Crée en 1972, l’ ENSET de Libreville forme depuis 53 ans les enseignants techniques du Gabon. Mais en 2025 , l’ école traverse une zone de turbulences. L’école normale supérieure d’enseignement technique(ENSET), est-elle en réforme ou en voie de fusion avec une nouvelle entité qui va l’ éclipser et qui, si les choses se précisent, est condamnée à disparaître?
L’ ENSET qui forme les Profs de lycées techniques et centres de formation professionnelle, est devenue une structure de formation des professionnels du secteur tertiaire sous la coupole du ministère de l’Éducation nationale.
L’école sort ainsi du giron »supérieur » puisque désormais rattachée au ministère de l’Éducation nationale.
Les enseignants qui donnaient cours dans des disciplines assez pointues comme l’ ingénierie mécanique, sont soumis aux congés techniques.

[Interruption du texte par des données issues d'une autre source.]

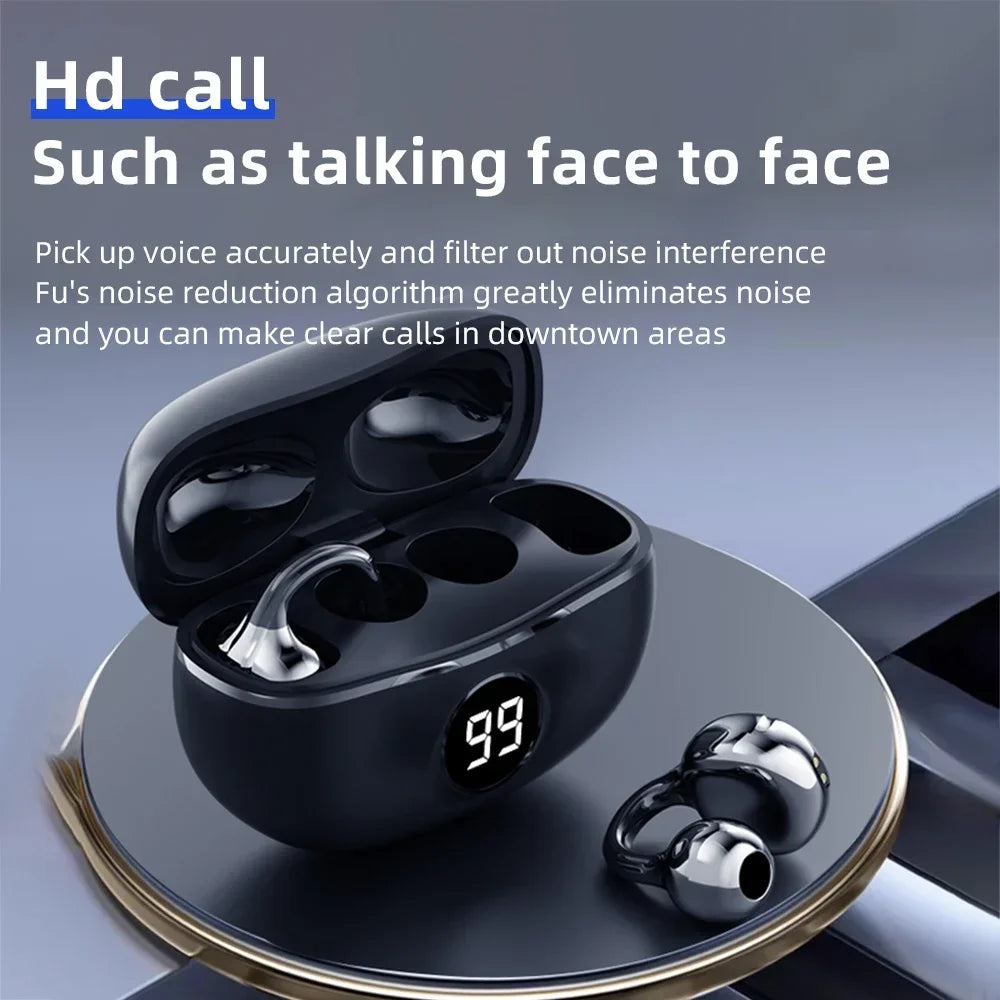 Wireless Headphones Fone Bluetooth Headset With Mic Handsfree Noise Canceling Earphones Clip Ear Music Sports Gaming Earplug - TechElect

Pour l’heure, l’école forme des étudiants qui auront des diplômes de l’ éducation nationale donc plus rien à voir avec l’enseignement supérieur. Une entourloupe que semblent ignorer les apprenants qui n’ ont pas accès aux informations fiables qui, pourtant, engagent leur avenir professionnel.
Et, dans le cadre de ces réformes, quand en est-il de l’ institut de formation à l’ enseignement technique et professionnel sur lequel, Jusqu’ ici, règne un flou artistique.
Pour l’heure enseignants et étudiants attendent des clarifications sur le nouveau statut de l’ ENSET. Serait-il une fusion/absorption avec cette nouvelle entité ?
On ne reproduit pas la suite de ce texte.